| TASK |
Exact copy, pictures excluded: please retype every record below.

Captioned web image data:
= Beginning of Section =
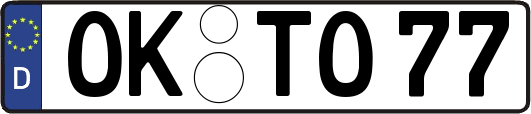 OK-TO77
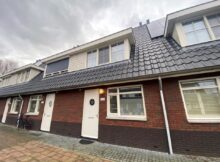 Woning aan de Heemstede te Amstelveen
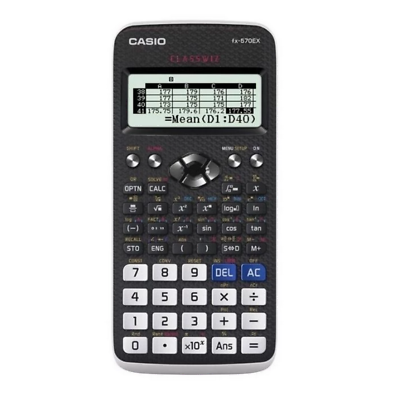 jual kalkulator scientific casio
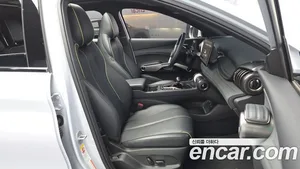 BYD Atto 3, 2025 — миниатюра 16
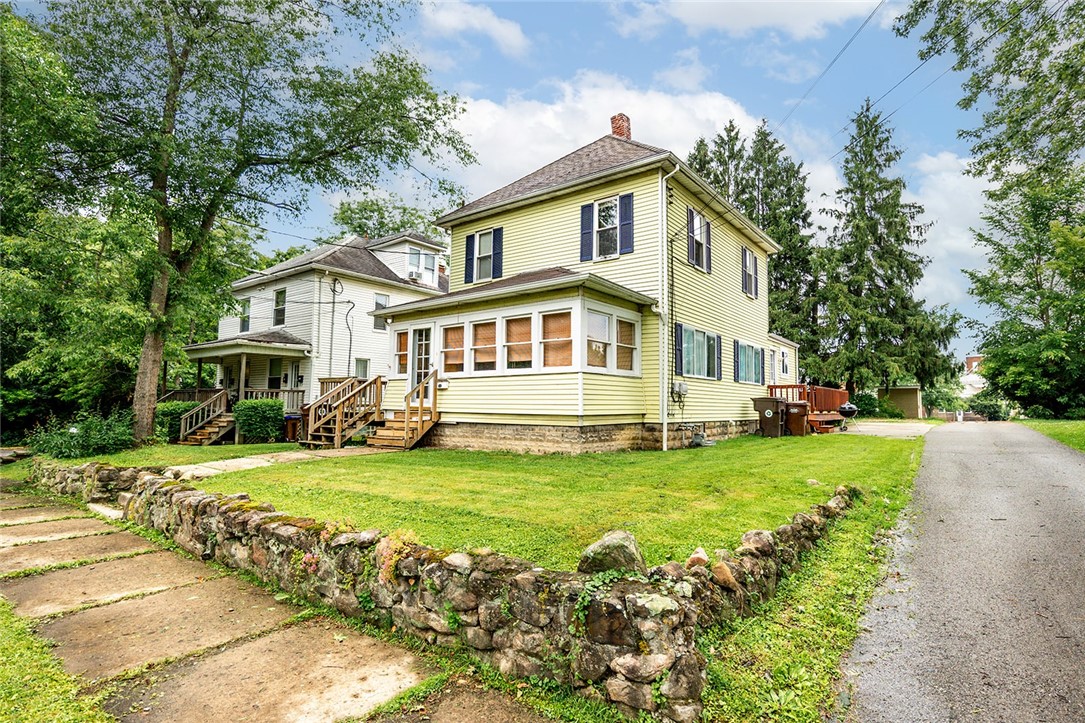 407 Hill Street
= End of Section =
| ANSWER SPACE |
 OK-TO77
 Woning aan de Heemstede te Amstelveen
 jual kalkulator scientific casio
 BYD Atto 3, 2025 — миниатюра 16
 407 Hill Street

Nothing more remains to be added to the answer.